Avec une telle empreinte territoriale, il est évident que le réseau électrique est exposé à tous les risques climatiques qui peuvent se présenter. D’autant que ces infrastructures sont majoritairement à l’air libre : la moitié seulement du réseau de distribution et une toute petite fraction du réseau de transport sont enterrés.

Ces caractéristiques rendent les réseaux électriques particulièrement exposés aux aléas de la météorologiques : vent, givre, éclairs, températures extrêmes… Comme à leurs effets indirects : avalanches, glissements de terrain, inondations, chute d’arbres…

Et le coût de ces événements va bien au-delà du coût de la remise en état du réseau : aux États-Unis, par exemple, les dommages assurés liés à des coupures d’électricité causées par des inondations, des ouragans ou des températures extrêmes ont été évalués entre 20 et 55 milliards de dollars pour l’année 2015.

Ces phénomènes ne sont pas nouveaux et chaque opérateur a appris à gérer ceux qui sont propres au climat dans lequel il opère. Mais avec le changement climatique, leur répartition et leur intensité va évoluer présentant des risques bien différents de ceux anticipés lors de la construction des réseaux et maîtrisés par leurs gestionnaires actuels.
Parmi les menaces qui vont certainement augmenter, on peut citer au moins les épisodes de vents violents et les incendies.

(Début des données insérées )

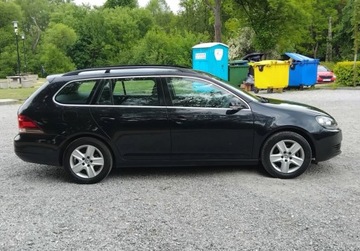 Volkswagen Golf VI Variant 1.6 TDI-CR DPF BlueMotion 105KM 2010 Volkswagen Golf 1,6 Tdi Alufelgi Klimatronik Po oplatach z Niemiec, zdjęcie 5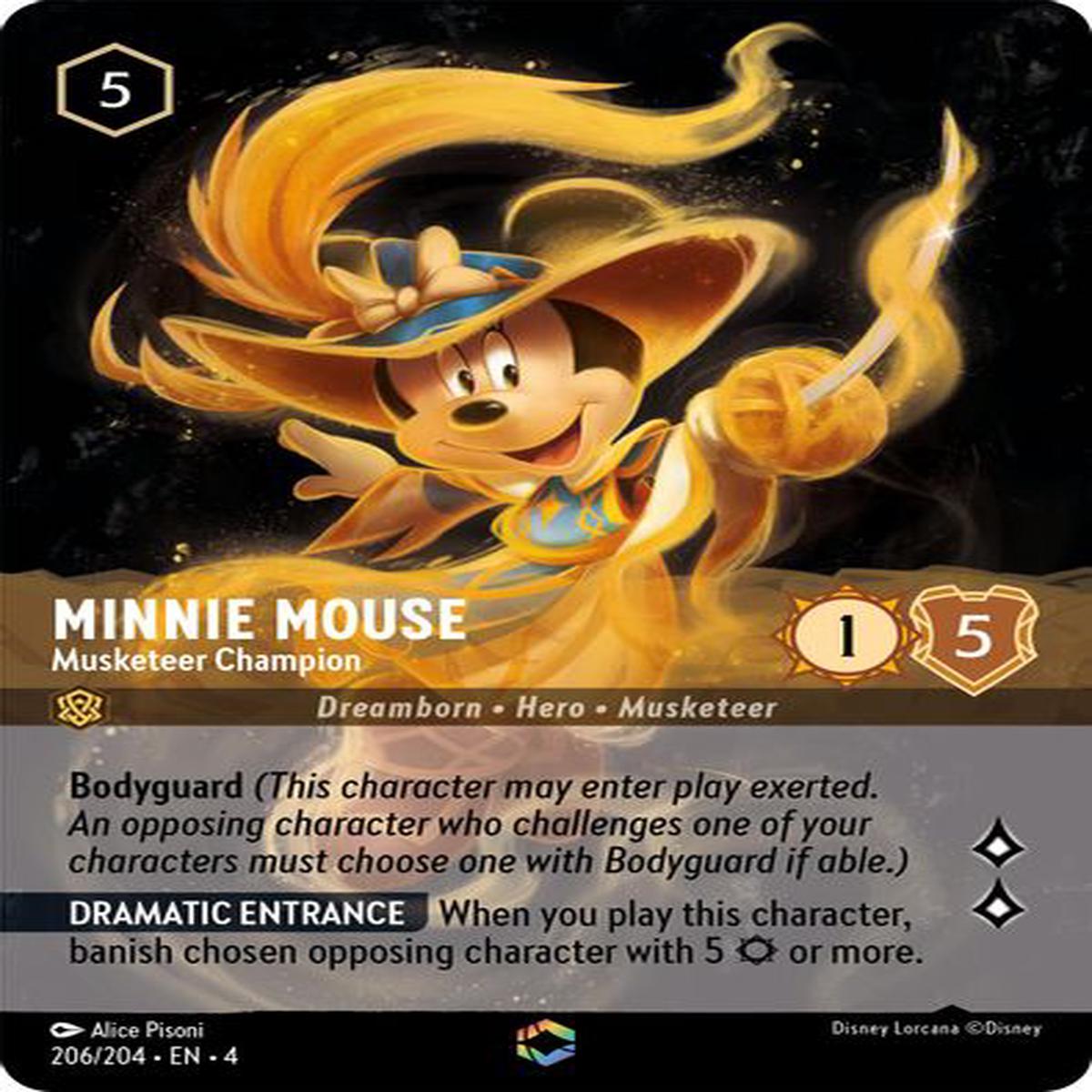 Minnie Mouse - Musketeer Champion (Enchanted) 206/204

A ce sujet, on se souvient du Camp Fire de 2018 allumé par un incident sur une ligne électrique de PG&E et qui s’est soldé par 88 victimes, 62.000 hectares brûlés et la faillite de l’entreprise.

Il sera très difficile d’éviter ces menaces mais il est possible de réduire la vulnérabilité des infrastructures : lors de l’ouragan Sandy, par exemple, le microréseau de l’Université de New York a pu être déconnecté du reste du système ce qui a permis de maintenir l’essentiel de son alimentation électrique pendant que Manhattan était plongé dans le noir.

Un réseau électrique moderne, moins centralisé, peut devenir une assurance contre les catastrophes climatiques.